**Provided records:**
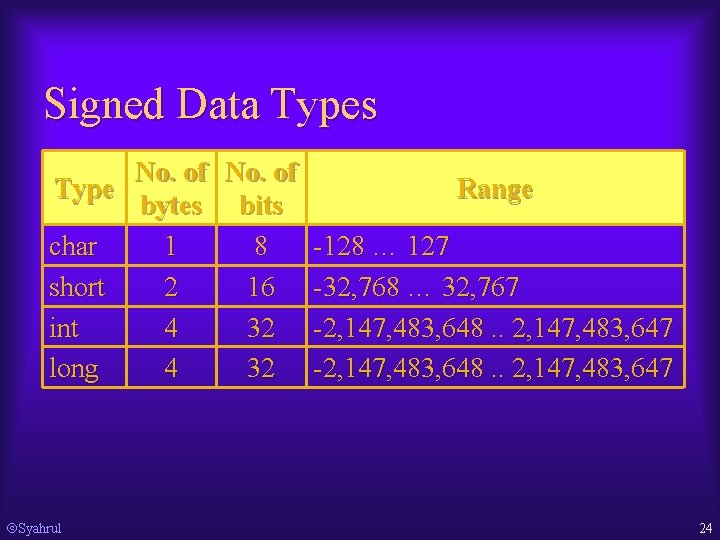 Signed Data Types No. of Type bytes bits char 1 8 short 2 16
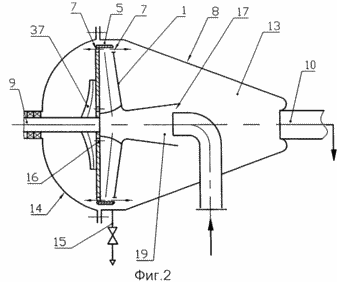 Vortex heat HYDRAULIC
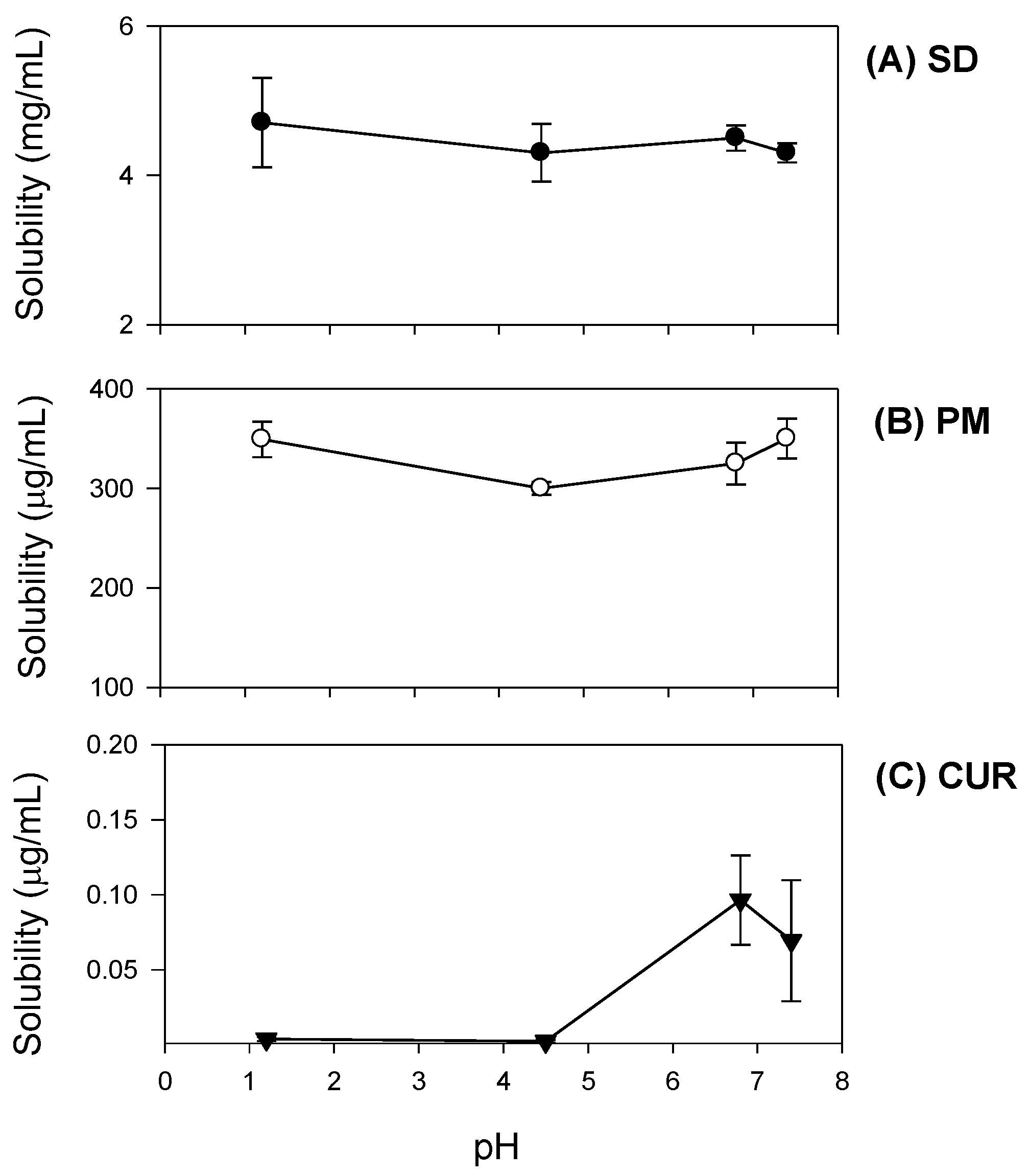 Molecules 21 01386 g004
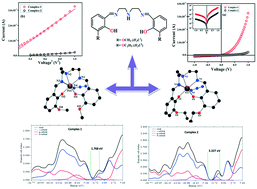 Graphical abstract: Synthesis, characterization, self-assembly and non-ohmic Schottky barrier diode behaviors of two iron(iii) based semiconductors with theoretical insight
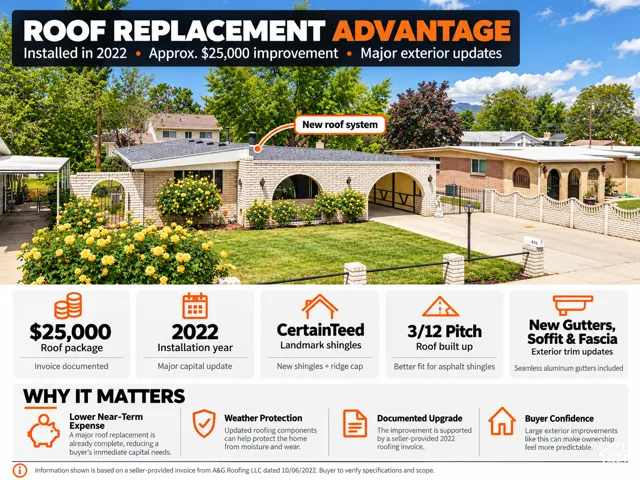 Marketing Graphic, Property Feature Overview. Detailing recent roof replacement and related exterior updates to the property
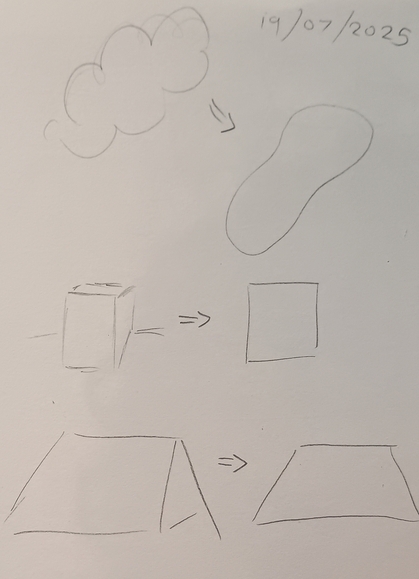 Simplifying shapes, cloud to blob, cube to square, triangular prism to trapezium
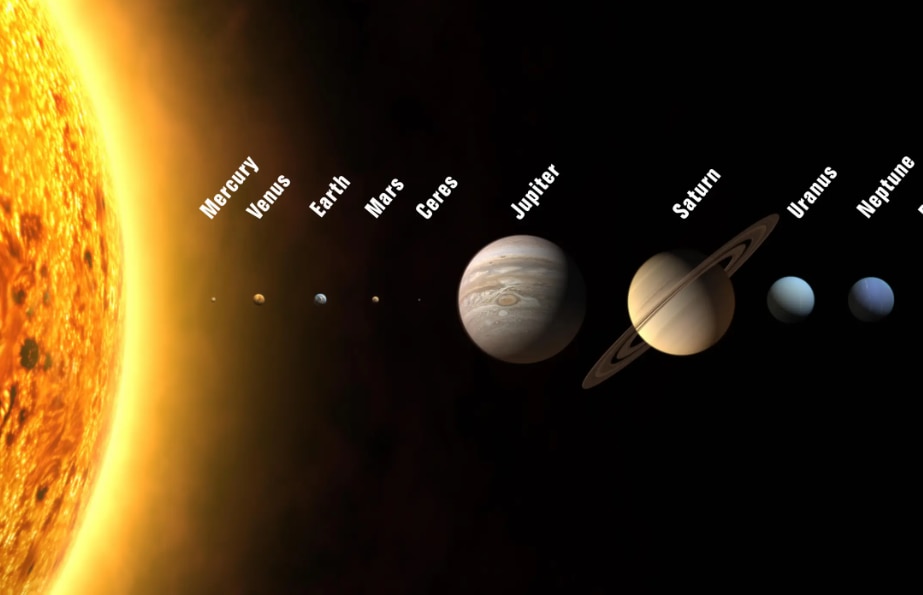 Planetary Parade | 7 Planets To Align Next Week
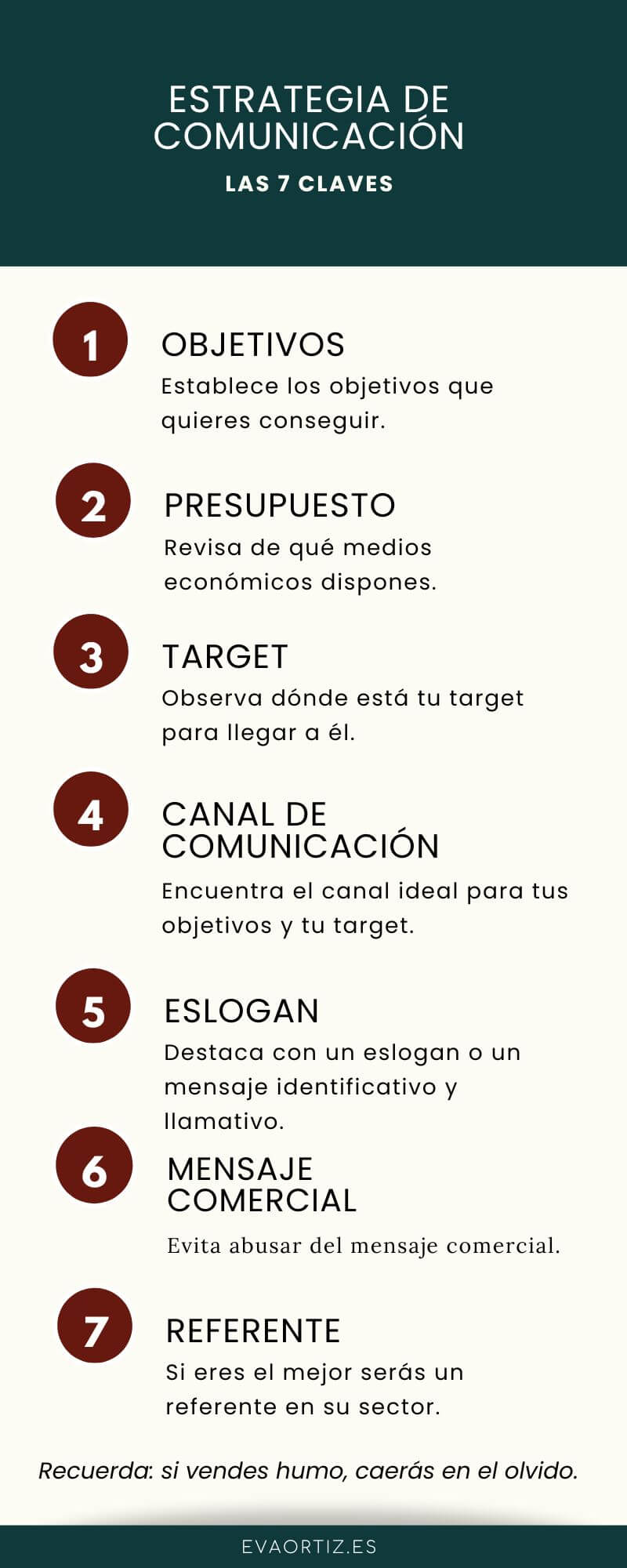 Plan de comunicación de marca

**Try it:**
Take the records above from their first line through the line with "Graphical abstract: Synthesis, characterization, self-assembly" and set those lines down word for word, minus the pictures.

**Final answer:**
 Signed Data Types No. of Type bytes bits char 1 8 short 2 16
 Vortex heat HYDRAULIC
 Molecules 21 01386 g004
 Graphical abstract: Synthesis, characterization, self-assembly and non-ohmic Schottky barrier diode behaviors of two iron(iii) based semiconductors with theoretical insight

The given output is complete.